Mais les tentatives de bâillonnement seront vaines car, pour reprendre les termes du président de la LDH, « nous continuerons ». Plus que jamais nous continuerons et agirons ensemble contre ceux et celles qui s’en prennent au modèle démocratique, contre ceux et celles qui veulent gouverner avec et par la peur, contre ceux et celles qui entendent mettre en œuvre un projet délétère et qui génèrent eux-mêmes le séparatisme contre lequel ils et elles disent lutter, contre ceux et celles qui sont à l’origine de la mise à mal du contrat social et de la République.

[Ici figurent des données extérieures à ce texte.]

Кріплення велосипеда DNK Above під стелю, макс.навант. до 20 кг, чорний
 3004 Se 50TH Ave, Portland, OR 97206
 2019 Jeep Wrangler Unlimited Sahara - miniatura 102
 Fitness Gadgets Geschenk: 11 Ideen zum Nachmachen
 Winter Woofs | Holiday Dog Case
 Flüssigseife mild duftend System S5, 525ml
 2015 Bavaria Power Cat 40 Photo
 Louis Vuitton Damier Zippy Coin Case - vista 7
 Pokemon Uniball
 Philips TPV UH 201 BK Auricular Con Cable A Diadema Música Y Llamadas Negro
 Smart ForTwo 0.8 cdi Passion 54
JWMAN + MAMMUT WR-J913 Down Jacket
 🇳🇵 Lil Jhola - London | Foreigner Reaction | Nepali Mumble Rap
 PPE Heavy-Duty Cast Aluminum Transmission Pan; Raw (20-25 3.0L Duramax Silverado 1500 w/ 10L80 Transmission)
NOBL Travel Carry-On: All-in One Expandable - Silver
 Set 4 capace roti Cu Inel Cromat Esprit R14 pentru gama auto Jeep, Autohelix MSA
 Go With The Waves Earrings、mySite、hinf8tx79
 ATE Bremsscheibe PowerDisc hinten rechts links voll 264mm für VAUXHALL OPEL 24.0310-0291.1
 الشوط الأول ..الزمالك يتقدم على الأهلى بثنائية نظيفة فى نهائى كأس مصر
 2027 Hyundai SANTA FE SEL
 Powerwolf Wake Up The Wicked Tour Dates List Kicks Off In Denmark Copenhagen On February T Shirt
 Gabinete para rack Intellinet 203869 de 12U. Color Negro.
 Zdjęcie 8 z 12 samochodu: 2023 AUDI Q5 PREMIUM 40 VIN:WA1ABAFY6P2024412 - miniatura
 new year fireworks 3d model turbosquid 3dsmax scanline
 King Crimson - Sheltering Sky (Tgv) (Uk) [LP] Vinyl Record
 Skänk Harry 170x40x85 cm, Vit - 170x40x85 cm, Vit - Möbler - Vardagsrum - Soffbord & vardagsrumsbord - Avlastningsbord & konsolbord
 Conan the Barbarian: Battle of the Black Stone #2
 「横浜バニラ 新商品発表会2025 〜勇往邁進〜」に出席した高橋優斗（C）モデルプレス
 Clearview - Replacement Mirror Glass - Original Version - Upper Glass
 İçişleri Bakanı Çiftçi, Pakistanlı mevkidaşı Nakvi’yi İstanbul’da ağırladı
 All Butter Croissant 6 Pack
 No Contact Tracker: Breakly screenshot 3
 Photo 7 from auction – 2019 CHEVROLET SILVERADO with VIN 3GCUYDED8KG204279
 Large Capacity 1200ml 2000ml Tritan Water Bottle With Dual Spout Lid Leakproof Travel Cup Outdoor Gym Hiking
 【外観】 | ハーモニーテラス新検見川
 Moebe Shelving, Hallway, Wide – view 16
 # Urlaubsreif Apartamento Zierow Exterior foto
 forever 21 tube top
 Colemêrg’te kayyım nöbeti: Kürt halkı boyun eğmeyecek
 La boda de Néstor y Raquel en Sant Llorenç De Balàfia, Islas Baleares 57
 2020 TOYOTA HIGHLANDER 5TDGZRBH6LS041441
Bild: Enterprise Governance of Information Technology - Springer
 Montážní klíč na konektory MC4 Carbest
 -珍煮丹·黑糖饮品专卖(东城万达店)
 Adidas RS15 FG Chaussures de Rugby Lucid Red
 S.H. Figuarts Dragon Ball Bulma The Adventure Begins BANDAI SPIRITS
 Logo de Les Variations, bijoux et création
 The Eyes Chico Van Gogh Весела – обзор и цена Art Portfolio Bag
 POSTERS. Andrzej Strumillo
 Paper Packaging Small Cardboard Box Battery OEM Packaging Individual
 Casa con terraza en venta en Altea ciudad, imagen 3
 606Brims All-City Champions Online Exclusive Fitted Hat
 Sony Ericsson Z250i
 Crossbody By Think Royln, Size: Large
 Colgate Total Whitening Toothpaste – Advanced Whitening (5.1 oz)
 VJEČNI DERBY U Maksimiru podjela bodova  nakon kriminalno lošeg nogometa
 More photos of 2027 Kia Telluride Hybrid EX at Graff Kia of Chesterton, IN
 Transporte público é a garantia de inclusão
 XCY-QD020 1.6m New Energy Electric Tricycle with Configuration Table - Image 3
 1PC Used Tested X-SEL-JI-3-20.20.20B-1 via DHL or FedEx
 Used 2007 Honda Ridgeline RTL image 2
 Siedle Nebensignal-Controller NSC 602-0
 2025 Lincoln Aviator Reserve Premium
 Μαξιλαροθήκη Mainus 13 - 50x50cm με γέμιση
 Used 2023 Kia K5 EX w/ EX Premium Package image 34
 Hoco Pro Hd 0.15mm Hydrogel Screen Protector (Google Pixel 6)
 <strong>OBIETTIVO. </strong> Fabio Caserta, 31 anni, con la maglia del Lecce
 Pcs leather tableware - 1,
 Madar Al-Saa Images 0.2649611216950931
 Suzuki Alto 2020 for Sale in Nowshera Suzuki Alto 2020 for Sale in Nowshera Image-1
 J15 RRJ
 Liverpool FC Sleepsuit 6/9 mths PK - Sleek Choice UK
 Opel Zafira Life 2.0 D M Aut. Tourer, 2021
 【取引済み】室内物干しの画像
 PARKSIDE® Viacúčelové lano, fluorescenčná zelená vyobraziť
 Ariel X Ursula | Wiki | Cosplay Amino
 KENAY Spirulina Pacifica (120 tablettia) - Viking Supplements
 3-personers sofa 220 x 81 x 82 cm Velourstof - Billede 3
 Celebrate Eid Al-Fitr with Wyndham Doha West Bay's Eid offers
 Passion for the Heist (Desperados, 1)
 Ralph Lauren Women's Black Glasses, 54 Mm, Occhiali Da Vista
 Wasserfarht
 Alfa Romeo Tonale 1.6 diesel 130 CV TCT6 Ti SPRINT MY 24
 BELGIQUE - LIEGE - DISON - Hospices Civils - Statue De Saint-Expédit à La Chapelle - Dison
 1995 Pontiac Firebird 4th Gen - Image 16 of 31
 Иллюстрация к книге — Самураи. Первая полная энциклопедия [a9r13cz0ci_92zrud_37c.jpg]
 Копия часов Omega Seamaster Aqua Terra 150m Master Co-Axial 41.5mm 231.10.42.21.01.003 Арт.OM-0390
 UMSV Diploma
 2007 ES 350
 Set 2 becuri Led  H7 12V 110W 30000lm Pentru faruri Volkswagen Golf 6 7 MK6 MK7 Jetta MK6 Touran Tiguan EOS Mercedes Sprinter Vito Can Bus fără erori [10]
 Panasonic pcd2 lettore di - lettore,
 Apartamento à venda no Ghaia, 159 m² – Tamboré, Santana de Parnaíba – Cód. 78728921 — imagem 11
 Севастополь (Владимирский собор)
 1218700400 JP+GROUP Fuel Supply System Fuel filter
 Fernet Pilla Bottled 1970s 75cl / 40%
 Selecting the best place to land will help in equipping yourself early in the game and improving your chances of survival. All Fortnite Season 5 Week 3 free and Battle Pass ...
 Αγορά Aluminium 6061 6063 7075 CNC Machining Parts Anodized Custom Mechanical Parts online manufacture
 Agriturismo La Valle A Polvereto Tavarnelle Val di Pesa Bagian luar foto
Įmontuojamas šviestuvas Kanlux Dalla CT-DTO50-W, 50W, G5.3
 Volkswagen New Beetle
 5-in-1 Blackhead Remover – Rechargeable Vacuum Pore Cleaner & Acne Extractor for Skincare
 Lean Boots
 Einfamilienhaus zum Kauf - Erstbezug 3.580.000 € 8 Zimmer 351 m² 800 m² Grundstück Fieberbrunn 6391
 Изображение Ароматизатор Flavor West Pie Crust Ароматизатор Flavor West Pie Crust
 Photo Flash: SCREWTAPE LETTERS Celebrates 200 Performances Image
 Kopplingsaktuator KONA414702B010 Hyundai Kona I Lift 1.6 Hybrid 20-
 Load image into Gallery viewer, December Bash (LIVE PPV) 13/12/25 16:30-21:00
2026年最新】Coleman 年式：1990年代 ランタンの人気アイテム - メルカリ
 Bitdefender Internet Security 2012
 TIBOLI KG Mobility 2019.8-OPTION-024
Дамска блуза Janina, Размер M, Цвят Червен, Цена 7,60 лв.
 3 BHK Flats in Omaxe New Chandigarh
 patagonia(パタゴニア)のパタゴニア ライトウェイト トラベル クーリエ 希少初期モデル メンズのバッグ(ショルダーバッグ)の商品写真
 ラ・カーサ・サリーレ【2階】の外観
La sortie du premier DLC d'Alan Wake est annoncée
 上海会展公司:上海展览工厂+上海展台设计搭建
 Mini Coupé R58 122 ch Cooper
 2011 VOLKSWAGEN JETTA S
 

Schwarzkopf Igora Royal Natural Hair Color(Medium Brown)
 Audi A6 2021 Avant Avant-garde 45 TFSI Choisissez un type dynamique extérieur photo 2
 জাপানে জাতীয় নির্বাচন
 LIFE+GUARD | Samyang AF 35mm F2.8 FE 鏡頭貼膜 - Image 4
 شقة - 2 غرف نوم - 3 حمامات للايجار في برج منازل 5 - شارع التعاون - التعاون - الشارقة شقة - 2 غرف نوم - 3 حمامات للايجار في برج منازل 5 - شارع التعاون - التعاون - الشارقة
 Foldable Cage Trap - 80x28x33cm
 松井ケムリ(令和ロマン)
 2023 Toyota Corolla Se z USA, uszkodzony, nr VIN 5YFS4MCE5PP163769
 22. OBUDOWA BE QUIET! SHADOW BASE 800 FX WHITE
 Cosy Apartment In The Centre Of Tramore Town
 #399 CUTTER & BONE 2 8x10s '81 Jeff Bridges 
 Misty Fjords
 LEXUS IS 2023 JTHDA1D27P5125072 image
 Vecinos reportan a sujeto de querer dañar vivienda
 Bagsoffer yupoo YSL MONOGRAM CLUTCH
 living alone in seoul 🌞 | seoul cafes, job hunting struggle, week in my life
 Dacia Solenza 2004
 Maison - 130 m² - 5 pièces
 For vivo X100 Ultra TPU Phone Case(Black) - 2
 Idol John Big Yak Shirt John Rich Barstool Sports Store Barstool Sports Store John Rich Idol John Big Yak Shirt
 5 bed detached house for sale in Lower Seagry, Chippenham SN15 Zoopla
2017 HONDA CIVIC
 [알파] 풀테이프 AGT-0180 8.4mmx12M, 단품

Organisations signataires : Alternatiba, Anticor, Anv-Cop21, Association démocratique des Tunisiens en France (ADTF), Association de travailleurs maghrébins de France (ATMF), Association des Marocains en France (AMF), Association nationale d’assistance aux frontières pour les étrangers (Anafé), Attac France, Confédération générale du travail (CGT), Collectif des associations citoyennes (CAC), Comede, Comité pour le respect des libertés et des droits de l’homme en Tunisie (CRLDHT), Droit au logement (DAL), Emmaüs France, Femmes Égalité, Fondation Copernic, Fédération des Tunisiens pour une citoyenneté des deux rives (FTCR), Fédération nationale de la libre pensée, Fédération syndicale unitaire (FSU), Greenpeace France, Groupe d’accueil et de solidarités (GAS), Groupe d’information et de soutien des immigré·es (Gisti), L’Assemblée citoyenne des originaires de Turquie (L’Acort), la Cimade, Mémorial 98, Mouvement contre le racisme et pour l’amitié entre les peuples (Mrap), Réseau d’actions contre l’antisémitisme et tous les racismes (Raar), Syndicat de la magistrature, Union nationale des étudiants de France (Unef), Union syndicale Solidaires, Utopia 56, VoxPublic.